The range of climates and environments across China pose distinct challenges for farming systems. Different agricultural approaches are needed for three major soil types found in the country: saline soils in the north, black soils in the northeast, and red and yellow soils in the south.

Over six decades, the Institute of Agricultural Resources and Regional Planning (IARRP) at the Chinese Academy of Agricultural Sciences in Beijing has been developing strategies to address this challenge through agricultural research and innovation."Our mission is to harness cutting-edge technologies to enhance traditional farming practices, promoting both productivity and sustainability," says Wenbin Wu, agricultural scientist and director of IARRP.

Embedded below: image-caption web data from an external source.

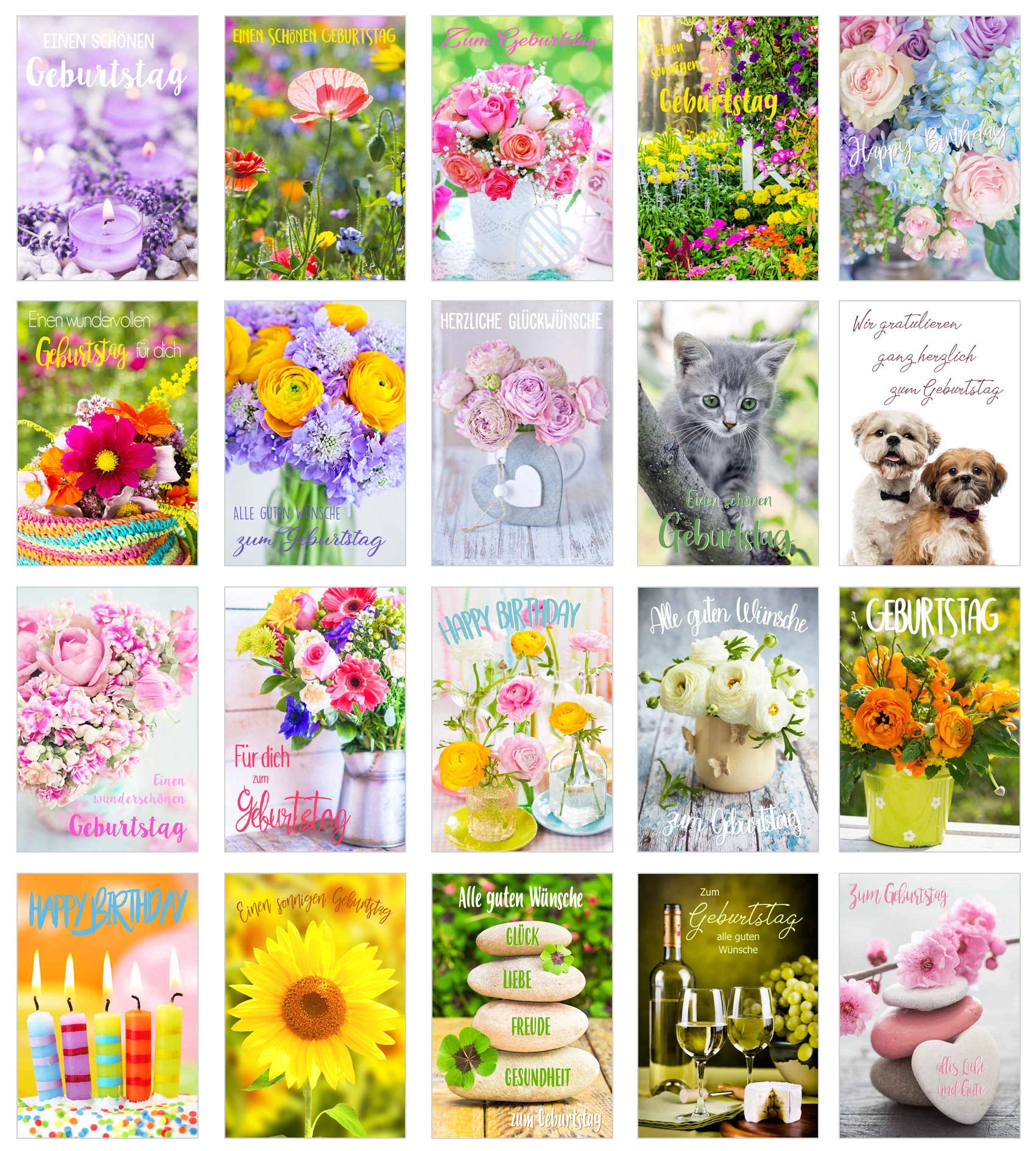 Edition Seidel Set of 20 Exclusive Premium Birthday Cards with Envelope Greeting Card Birthday Card Man Woman Cards Happy Birthday Billet Sayings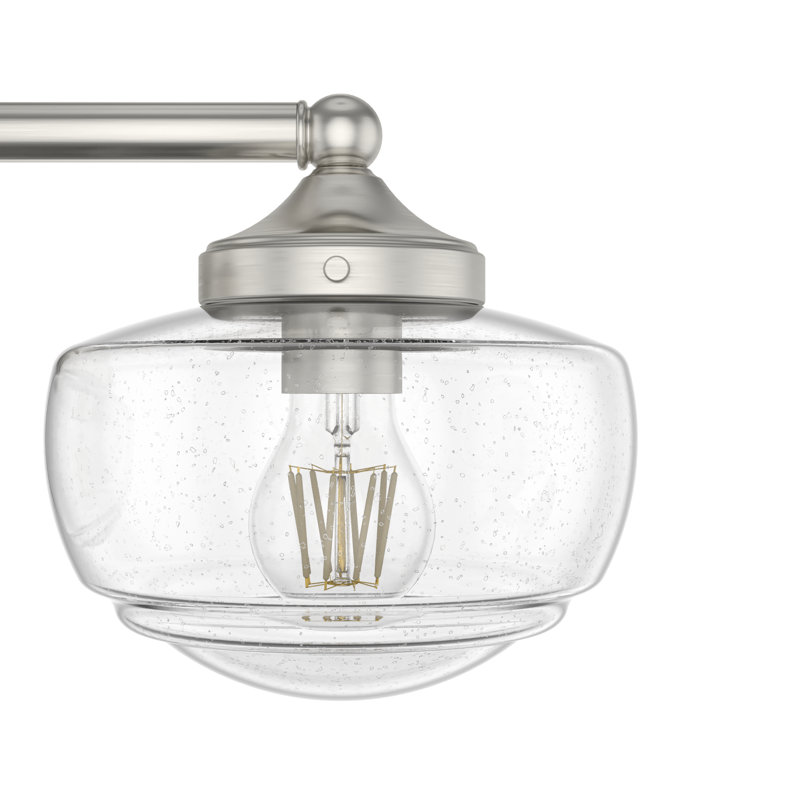 Hunter Saddle Creek 3 Light Vanity Wall Light Fixture, Brushed Nickel, Clear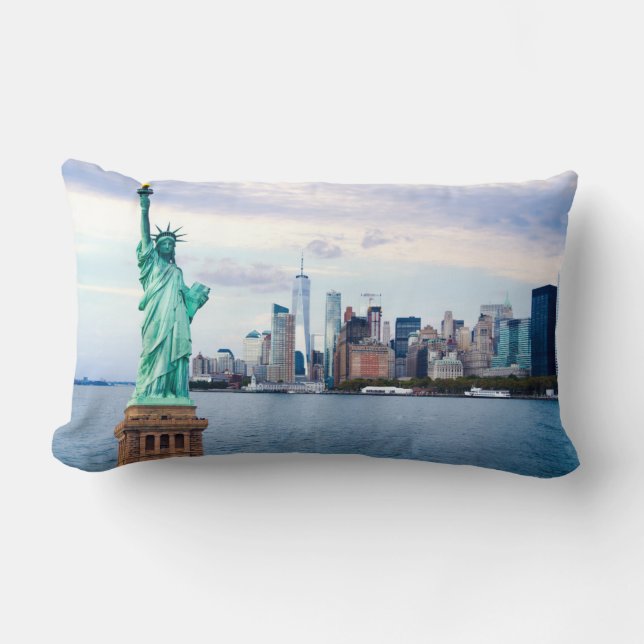 Coussin Rectangle Statue de la Liberté avec le World Trade Center (Recto)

IARRP adopted a core research strategy known as the '3+3+1' system: three soil types, three regional research stations and one digital agriculture system. Tailored to the characteristics of each soil type, IARRP's research focuses on enhancing soil quality, increasing crop yields, and fostering sustainable agricultural practices.

Blocking salt

Saline-alkali soils, which cover a vast and widely distributed area of China, are crucial resources for agriculture. But, these soils contain high concentrations of soluble salts, which can stunt plant growth by limiting their ability to absorb water.

Yuyi Li, a soil scientist and chief researcher at IARRP, developed a 'stratification' technique to reduce salt concentrations. The technique involves embedding organic materials, such as straw, at various depths in the soil to obstruct the capillary movement of saline water from below.

At a depth of about 40 centimetres, a dense layer of straw acts as a barrier to prevent salt from rising to the root zone, protecting crops from salt stress1. Furthermore, as the straw decomposes, it stimulates microbial activity in the soil, leading to improved soil health and increased nutrient availability.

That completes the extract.